Открытость общества также не обязательно измеряется степенью доступности коммуникационных сетей для его членов. Обычно мы называем открытым человека, который охотно коммуницирует с окружающими. Но быть открытым может также означать: быть расколотым. Открытой называют рану, разрывающую телесную оболочку. В этом смысле можно быть одиноким, замкнутым, некоммуникабельным и в то же время внутренне расколотым, лишенным самотождественности, открытым. Субъект диалектического материализма открыт в силу парадоксальности и гетерогенности его мышления. Он остается открытым, даже будучи коммунистическим субъектом, правящим в «одной, отдельно взятой» стране. Благодаря внутренней расколотости и вызванному ею внутреннему напряжению открытость может манифестироваться в сознании отдельного, конечного субъекта с гораздо большей очевидностью, чем в дурной, недиалектической бесконечности унылого повторения одних и тех же актов коммуникации, работы дифференции и утверждения гетерогенности. Бесконечная коммуникация способствует не открытости субъекта, а его автоматизации, тривиализациии и тавтологичности. Открытый субъект возникает тогда, когда он апроприирует, присваивает открытое, расколотое поле языка, в результате сам становясь внутренне расколотым, парадоксальным и гетерогенным. Такой открытый субъект является одновременно субъектом революционным.
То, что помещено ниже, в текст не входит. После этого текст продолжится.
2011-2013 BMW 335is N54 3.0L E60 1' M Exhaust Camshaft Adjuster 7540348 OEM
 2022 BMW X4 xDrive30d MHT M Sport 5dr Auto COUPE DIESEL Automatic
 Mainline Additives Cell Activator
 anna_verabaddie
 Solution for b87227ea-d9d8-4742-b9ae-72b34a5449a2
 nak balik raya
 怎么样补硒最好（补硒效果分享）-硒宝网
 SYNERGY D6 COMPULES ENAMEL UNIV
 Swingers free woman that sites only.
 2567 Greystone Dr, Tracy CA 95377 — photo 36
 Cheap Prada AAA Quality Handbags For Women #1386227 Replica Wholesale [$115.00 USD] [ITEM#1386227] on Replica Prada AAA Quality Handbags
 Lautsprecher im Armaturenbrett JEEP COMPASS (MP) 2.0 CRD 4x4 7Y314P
Напротив, буржуазные левые, обличающие рынок за то, что он ограничивает гетерогенное политическое пространство, выступают не как революционеры, а именно как критики капитализма. Они протестуют против рынка, полагая, что он с его конечными, рациональными расчетами гомогенизирует гетерогенное, закрывает открытое. Они пытаются противопоставить ему бесконечную гетерогенность, ничем не ограниченную работу различия, радикально другое, не поддающееся контролю и экономизации. Это намерение представляется весьма благородным, но, выражаясь языком ортодоксального марксизма, «идеалистическим». Оно идеалистично не в смысле «метафизической» оппозиции между духом и материей, которая подлежит деконструкции. Оно идеалистично в своем стремлении воплотить не поддающуюся материализации бесконечность. Апеллируя к бесконечному, антикапиталистическая критика в лучшем случае остается всего лишь критикой – в свою очередь бесконечной, репетитивной и тавтологичной. В худшем же случае она перерождается в апологию рынка.